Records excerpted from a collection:
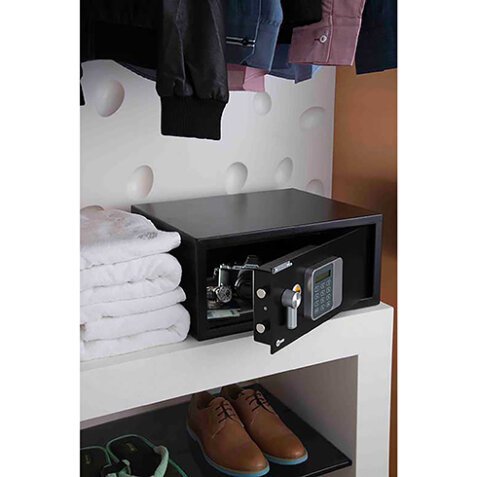 Vault Yale PC size 24 litres electronical lock 
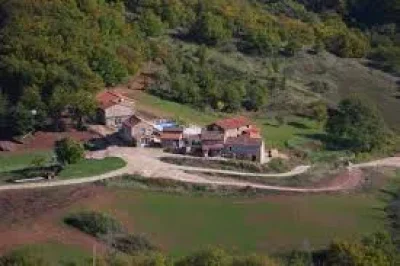 Hameau-de-Bouyssi-Maison-T5-quotGrangequot-8211-Saint-Affrique_2240705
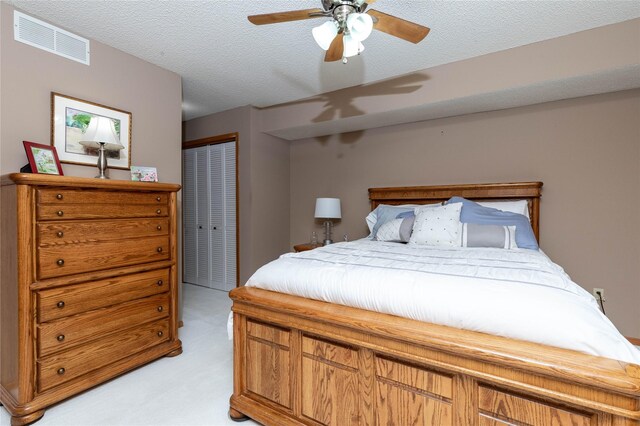 8144 Dellwood Dr, Urbandale, IA 50322 - photo 23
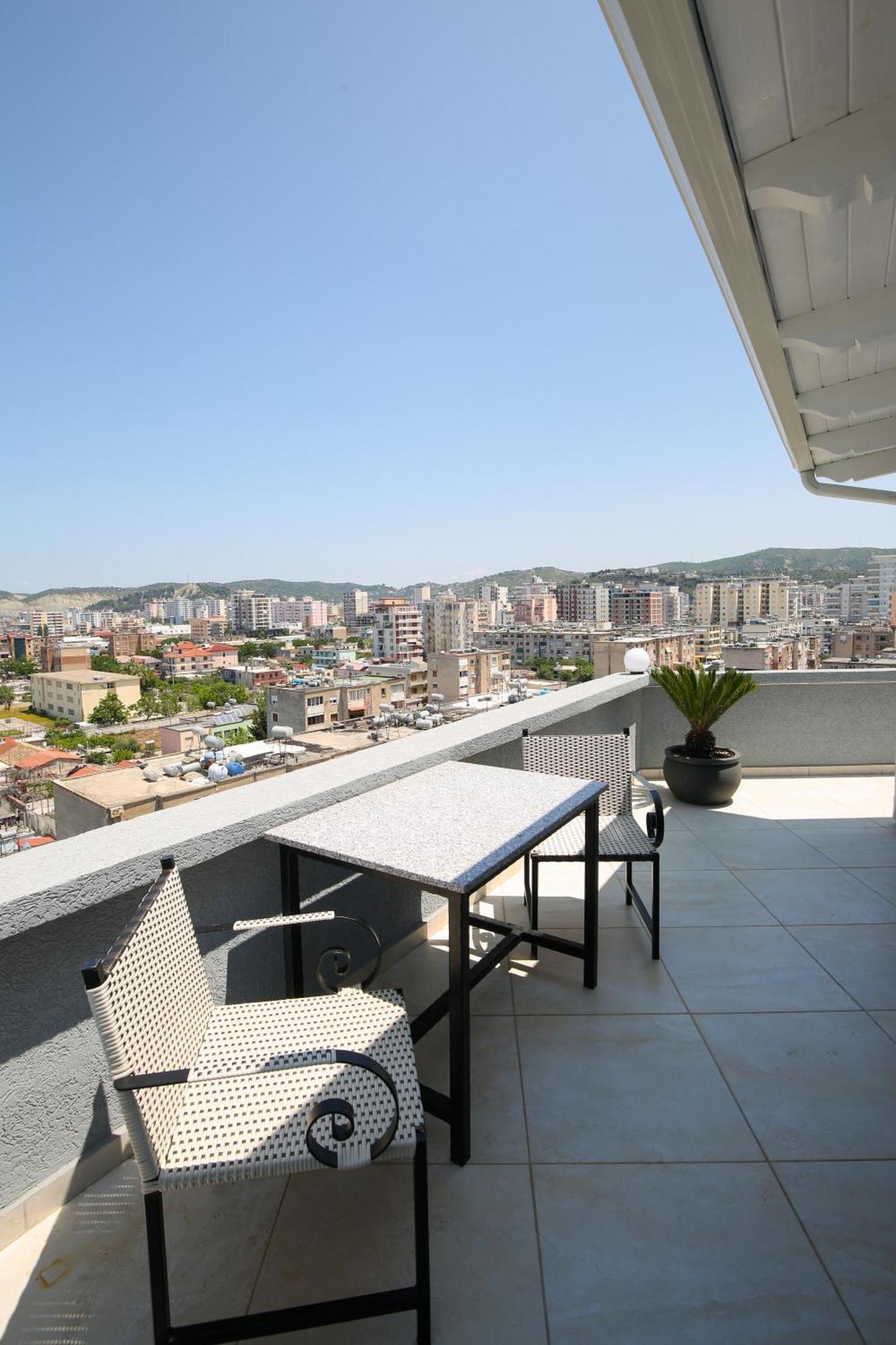 Queen Apartmets Vlore Room photo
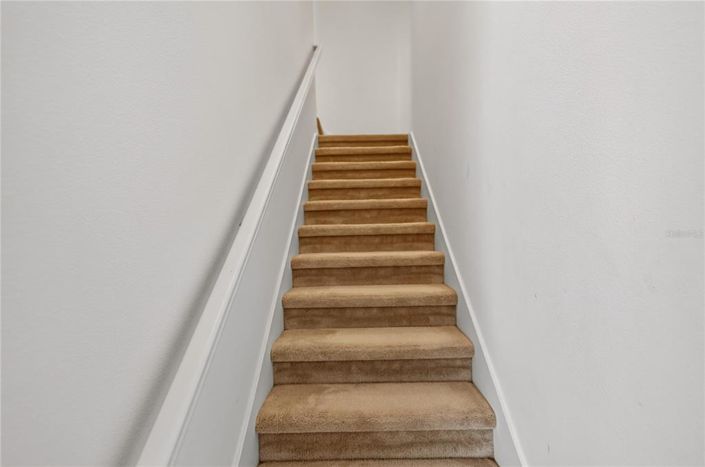 Image No.11-3 Bed Townhouse for sale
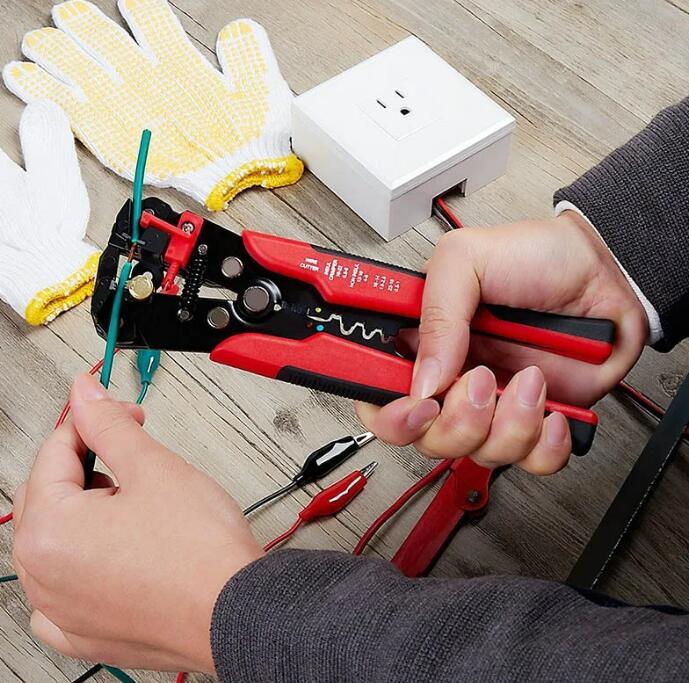 The Top 8 Must Have Tools For Electronic Makers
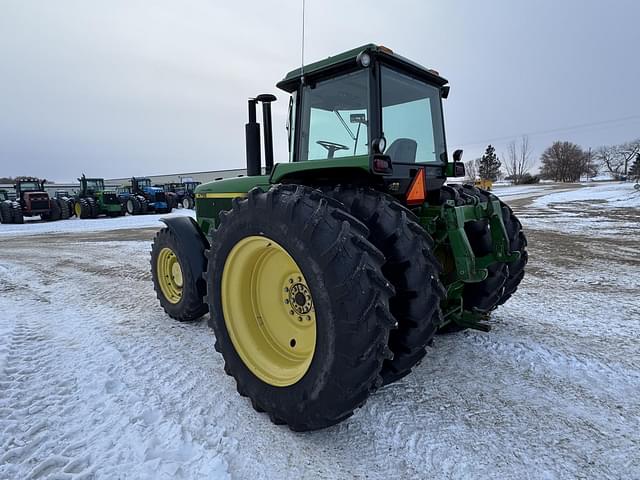 Image of John Deere 4755 equipment image 3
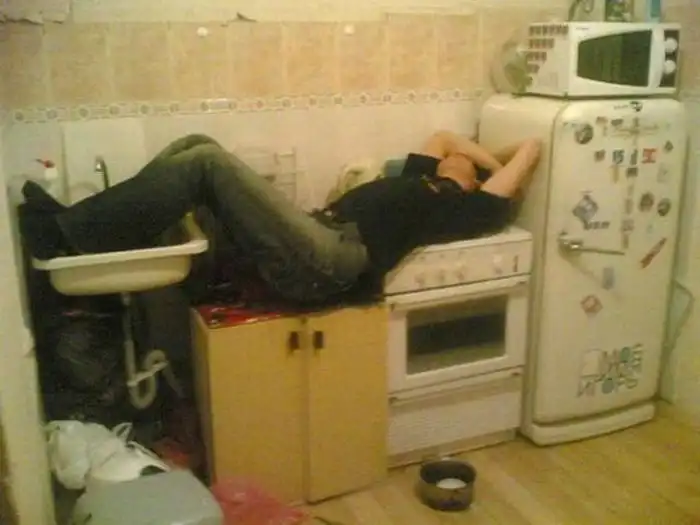 Очень пьяные люди Очень пьяные люди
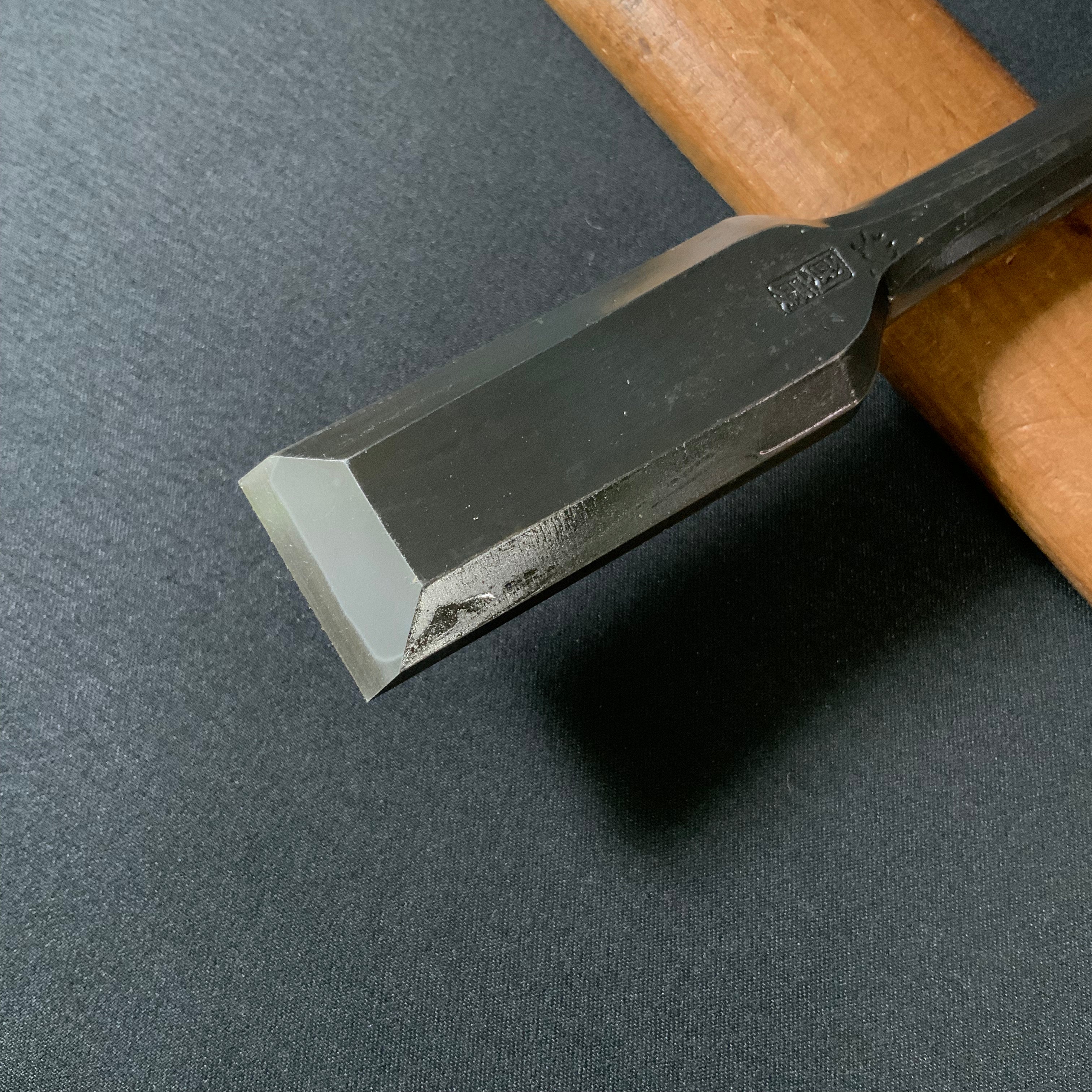 池田慶郎 三代目国慶作 追入鑿 24mm   Kunikei 3rd Bench chisels by Ikeda Yoshiro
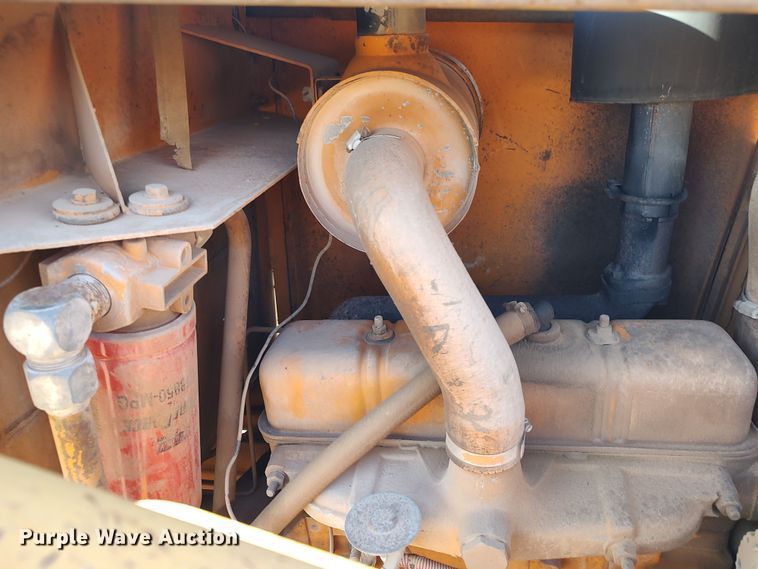 image for item LK9348 Case 480LL  landscape tractor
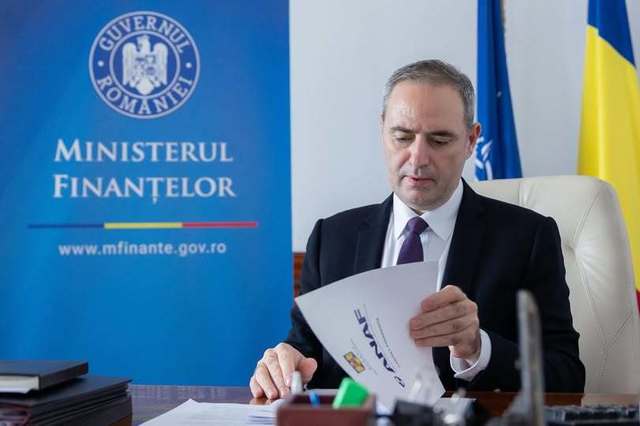ULTIMA ORĂ Cheltuielile deductibile pentru afiliați vor fi restricționate la 3% pentru companii. Cheltuielile care depășesc acest nivel nu vor mai fi deductibile. 1 ultima ora cheltuielile deductibile cu afiliatii vor fi limitate la 3 pentru companii peste acest nivel cheltuielile nu vor mai fi deductibile 689c6afc32ccb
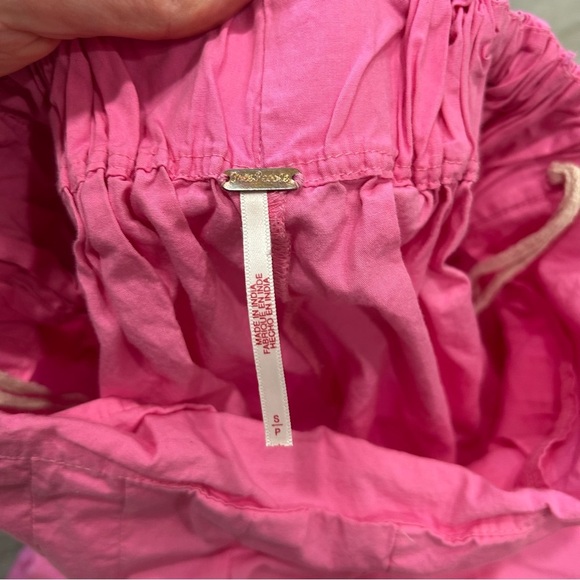 Free People Miki Hot Pink Barbie Elastic Waist Shorts Women’s Size Small - Picture 5 of 7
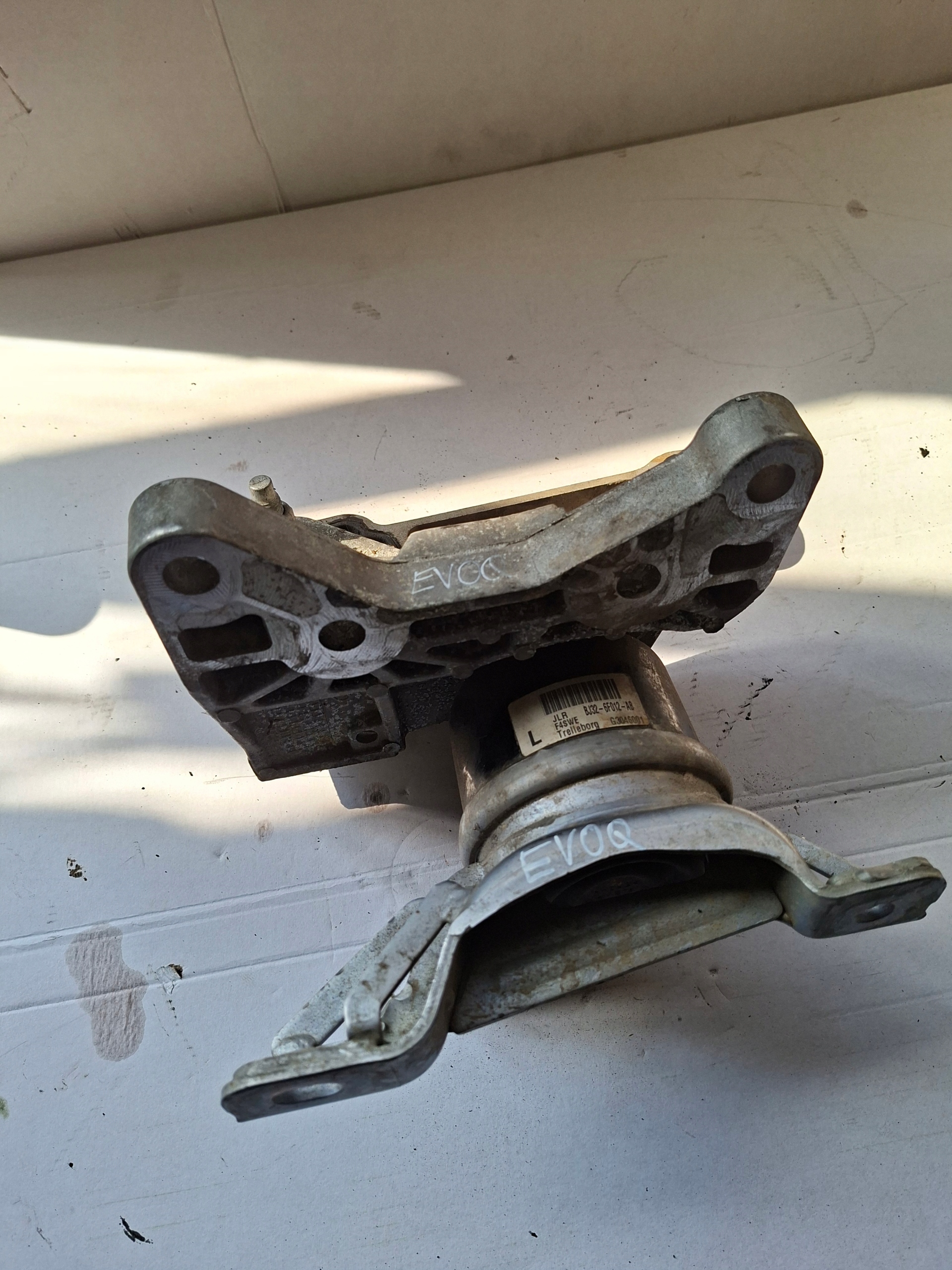 holder engine mount RANGE ROVER EVOQUE BJ32-6F012-AB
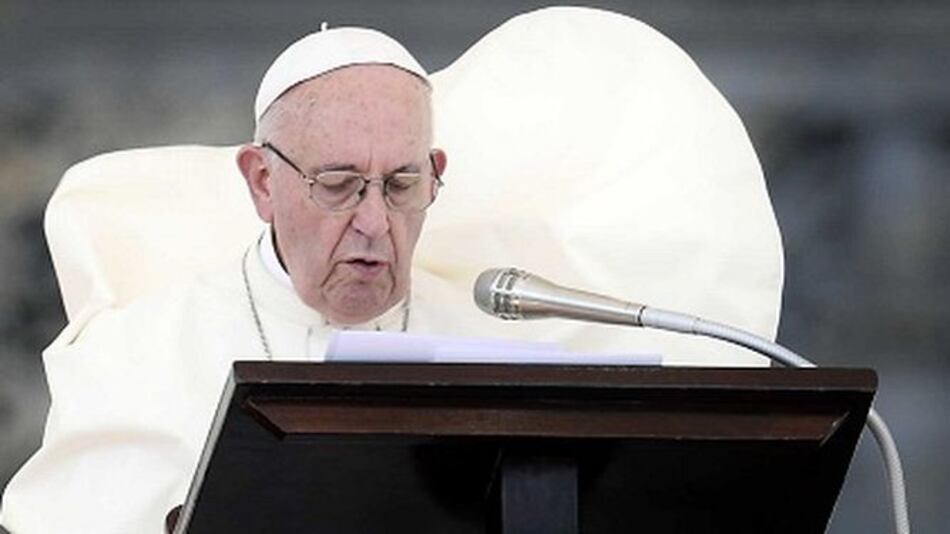 Vaticano: Papa Francisco está 'sereno' a pesar de las denuncias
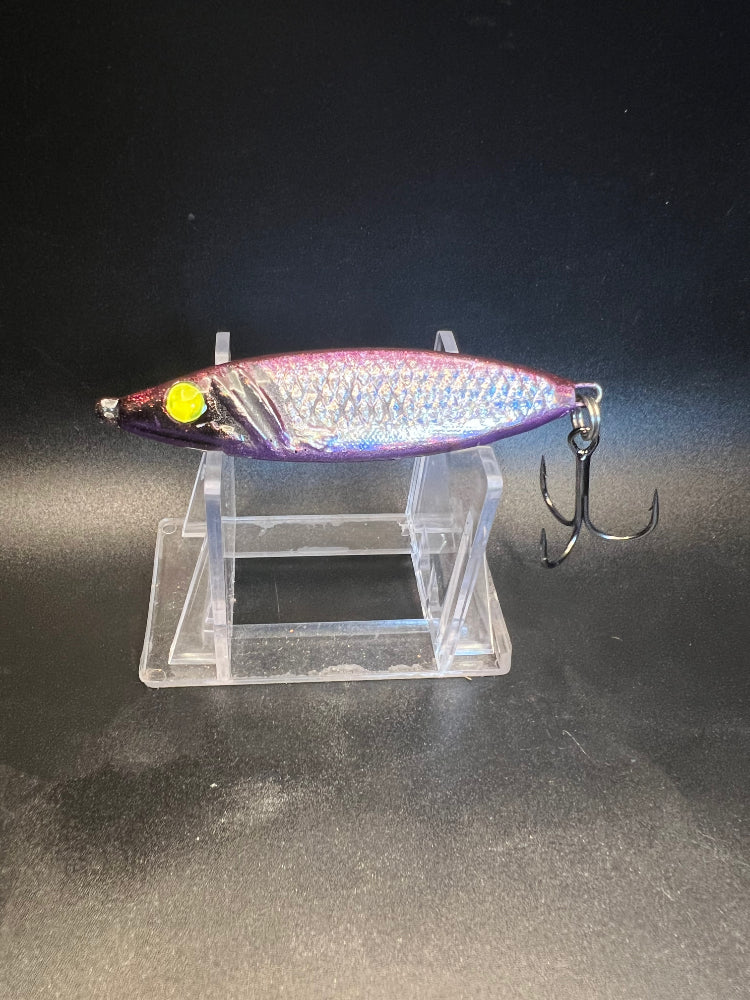 Schillernder UV-Salmon-Köder, lila-silber mit gelbem Auge und Drillingshaken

WORK TO COMPLETE | What you need to copy is the run of lines from the one holding "holder engine mount" through the end of the data, exactly and only, both ends included, pictures omitted.

SOLUTION TO THE PROBLEM |
 holder engine mount RANGE ROVER EVOQUE BJ32-6F012-AB
 Vaticano: Papa Francisco está 'sereno' a pesar de las denuncias
 Schillernder UV-Salmon-Köder, lila-silber mit gelbem Auge und Drillingshaken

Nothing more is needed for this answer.